- What you are asked to do
Could you please output all of the data exactly, without the images?

- Information supplied

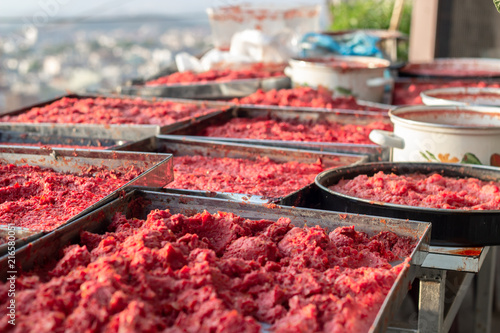 Close-up traditional handmade tomato paste plates making process shot under open air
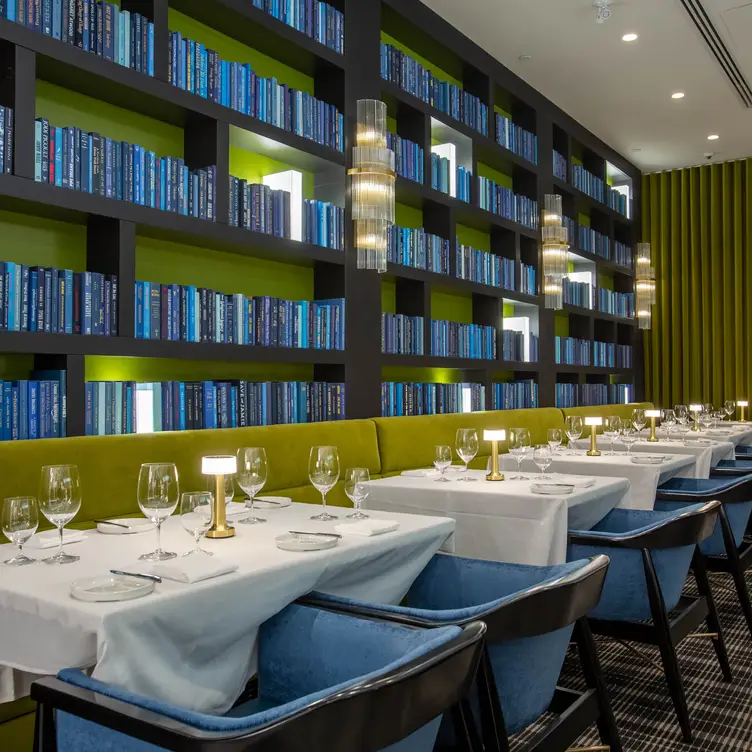 Books line the walls at Luca, possibly one of the best Italian restaurants in Calgary.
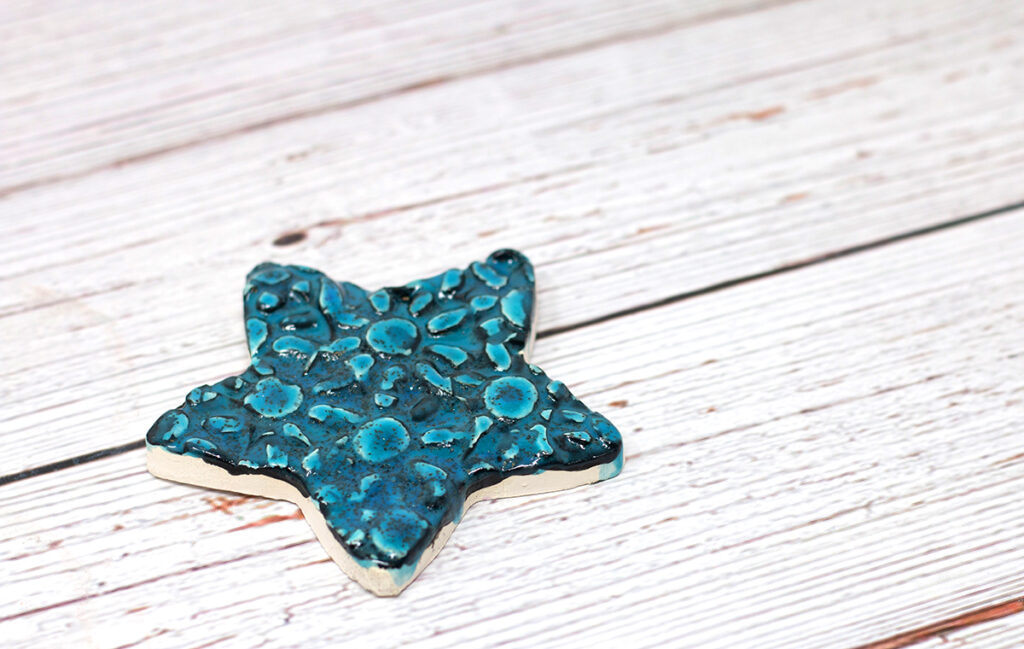 star with blue and green glaze and texture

- Exercise solution
 Close-up traditional handmade tomato paste plates making process shot under open air
 Books line the walls at Luca, possibly one of the best Italian restaurants in Calgary.
 star with blue and green glaze and texture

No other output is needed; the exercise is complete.